EC業者必見!Googleディスプレイ広告の精度を上げる動的リマーケティングとは

ECサイト事業者にとって、一度サイトに訪れて離脱した検討ユーザーだけに広告を表示させて意欲を再喚起させて、最終的な購入に繋げることは重要です。多くの事業者では、Google広告の集客で通常のリマーケティングを配信していますが、応用編で「動的リマーケティング」を検討する場合もあるでしょう。

動的リマーケティングを活用することで、ECサイトで例えばサイト内の「商品A」の商品ページを閲覧したけど購入に至らなかったユーザーに対し、その商品か類似商品の画像と訴求文が表示されている広告をタイミング良く同じユーザーへ見せることができます。

カート放棄後のフォロー、アップセル、クロスセルに繋げて、ECサイトのコンバージョン率と収益性の向上に直結させられる効果的な手法ですが、設定が分からずに実行まで行き着いていないケースが多いのが実状です。

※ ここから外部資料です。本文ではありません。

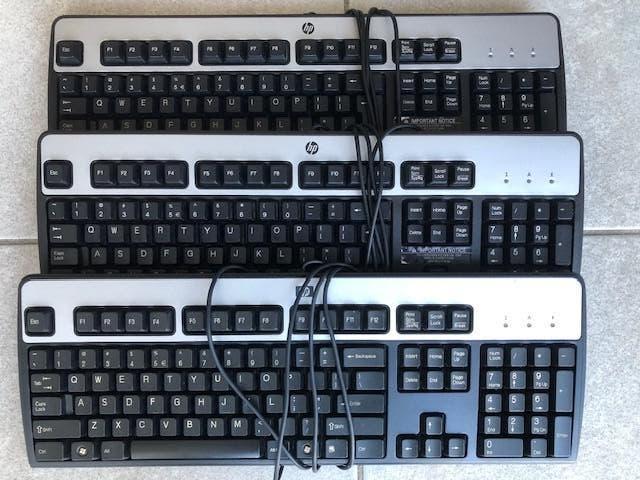 HP  Toetsenborden  HP   KU-0316, Computers en Software, Toetsenborden, Gebruikt, Qwerty, Bedraad, Ophalen of Verzenden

そこで今回の記事では、Google広告の動的リマーケティングがどのように機能するのか、そしてそれがEC事業者のビジネスにどのようなメリットをもたらすのかを見ていきます。

EC事業者の方にとっては必見の内容で、ターゲットとなるユーザーの行動を理解しどのように自社の商品をそれぞれのユーザーに合わせて最適な広告を表示させたら良いか考えるきっかけになります。

動的リマーケティングのしくみ

上述のとおり、動的リマーケティングは、WEB(EC)サイトの行動データを活用してパーソナライズされた広告を生成し、ターゲットユーザーに再表示することです。
WEBサイトに設置されたタグによって閲覧ユーザーの閲覧したページの情報を記録して、このデータが広告主のGoogle広告アカウントへ送信されます。

閲覧ユーザーがサイトで特定の商品Aを見たり、カートに商品を追加したりすると、これらの情報がCookieに保存されます。
そして、後にこのユーザーがGoogleの広告ネットワークに属する他のサイトを訪れると、保存されたCookieの情報を基に、過去の行動や興味に関連する商品やサービスの広告が表示されます。

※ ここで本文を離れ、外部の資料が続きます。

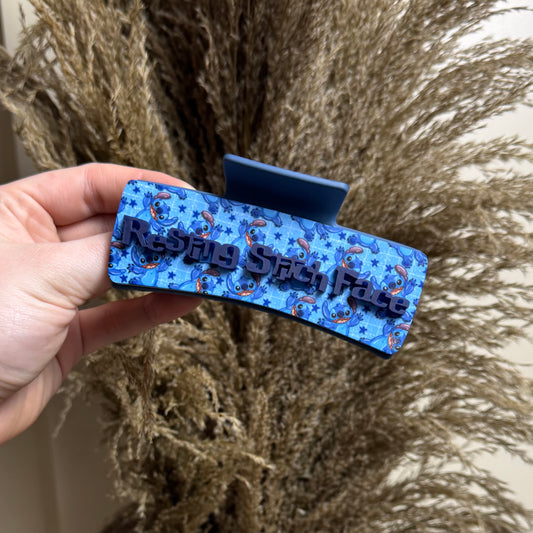 Resting Stitch Face || Claw Clip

動的リマーケティングに使う商品は、リスト化した一覧情報をGoogle広告のアカウント内に登録して、配信キャンペーンに紐づけることでそれぞれの商品画像や訴求文の出し分けができます。

そして、配信中は広告の内容をリアルタイムで更新し、ユーザーが最後に関心を示した商品を反映させることができます。
そのため、マーケティングの戦略実行の精度があがりコンバージョンによる売り上げUPの可能性を大いに秘めています。

実際に、導入直後にユーザーの購入率が上がってROAS、収益の改善に至った事例も多く存在します。

動的リマーケティングに向いている業種、商材

動的リマーケティングはあらゆる業種に向いていますが、特に次のような特徴の商材が向いています。

・販売したい商品数が多い
・ユーザーが購買に至るまでの検討時間が長い


Eコマース業界では顧客が様々な商品を比較検討するため、一度サイトを離脱してもその後に関連商品を提示することで購買意欲を強くさせることができます。
また、旅行業界では、航空券やホテルの予約において顧客が検討段階で多くのオプションを見るため、後にターゲット広告を表示することで、決定を後押しできます。

不動産自動車など高価格帯の商品を扱う業界もまた、顧客が長期にわたって情報収集し決断をくだすため、動的リマーケティングが有効です。
ファッション家電製品など、トレンドに敏感で新商品が頻繁に更新される市場でも、最新の関連商品を顧客に提示することで、関心を持続させることができます。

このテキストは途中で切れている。